Des formalités de visa complexes
Il faut se lever tôt pour décrocher un visa de travail en Inde. D'après l'étude de William Russell publiée le 21 février 2024, l'Inde est le pays dans lequel il est le plus difficile d'immigrer, devant l'Australie et la Finlande. À contrario, les expatriés indiens forment la plus grande diaspora au monde, avec plus de 30 millions d'expats d'après les chiffres des autorités indiennes (10 millions selon l'ONU). Parmi les facteurs étudiés par le rapport William Russell figurent les frais estimés de visa, le revenu minimum à avoir et le délai moyen de traitement des demandes. L'Inde attire beaucoup moins d'expatriés que les terres d'immigration : Australie, Canada, États-Unis, France... Ces pays restent plébiscités par les étudiants et les travailleurs étrangers, malgré des procédures parfois longues et complexes. Selon l'étude, l'Australie compte 30,1 % d'expatriés. Le Canada, les États-Unis et la Finlande en comptent respectivement 21,3 %, 15,3 % et 7 %.

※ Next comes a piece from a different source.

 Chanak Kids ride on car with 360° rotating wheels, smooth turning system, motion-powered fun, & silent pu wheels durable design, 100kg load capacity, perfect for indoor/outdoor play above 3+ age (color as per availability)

Obtenir un visa de travail en Inde coûtera en moyenne 543 dollars et nécessitera de gagner au moins 19 500 dollars. Les délais de traitement de la demande de visa varient entre 10 et 15 jours ouvrables. C'est bien moins que la Finlande (90 jours) et l'Australie (entre 4 et 8 mois). L'Inde est aussi plus rentable côté salaire minimum exigé : l'Australie demande en moyenne 58 600 dollars ; la Finlande exige au moins 68 170 dollars. Le visa de travail indien reste compétitif : s'il est un peu plus cher que le visa de travail finlandais (414 dollars pour le visa finlandais), il est bien moins cher que le visa de travail australien (2000 dollars en moyenne). Mais le principal frein de l'Inde, outre la complexité des procédures, est la faible proportion de résidents étrangers.
S'expatrier en Inde : mission très difficile
Selon l'étude, le nombre de résidents étrangers d'un pays apporte des informations précieuses. Est-il facile ou non de s'y intégrer ? La politique d'immigration du pays promeut-elle un meilleur accueil pour les étrangers ? Quelle est la culture du pays en matière d'immigration ? La complexité des formalités pour décrocher un visa aux États-Unis, au Canada ou en France ne décourage pas les candidats étrangers. Les politiques strictes en matière d'immigration ne freinent pas non plus les expatriés. C'est notamment vrai pour les expatriés indiens. D'après les chiffres (octobre 2023) du ministère indien des Affaires étrangères, ils sont 4 460 000 aux États-Unis, 3 425 144 aux Émirats arabes unis (EAU), 1 764 000 au Royaume-Uni, 1 689 055 au Canada, et 473 520 en France métropolitaine et d'outre-mer.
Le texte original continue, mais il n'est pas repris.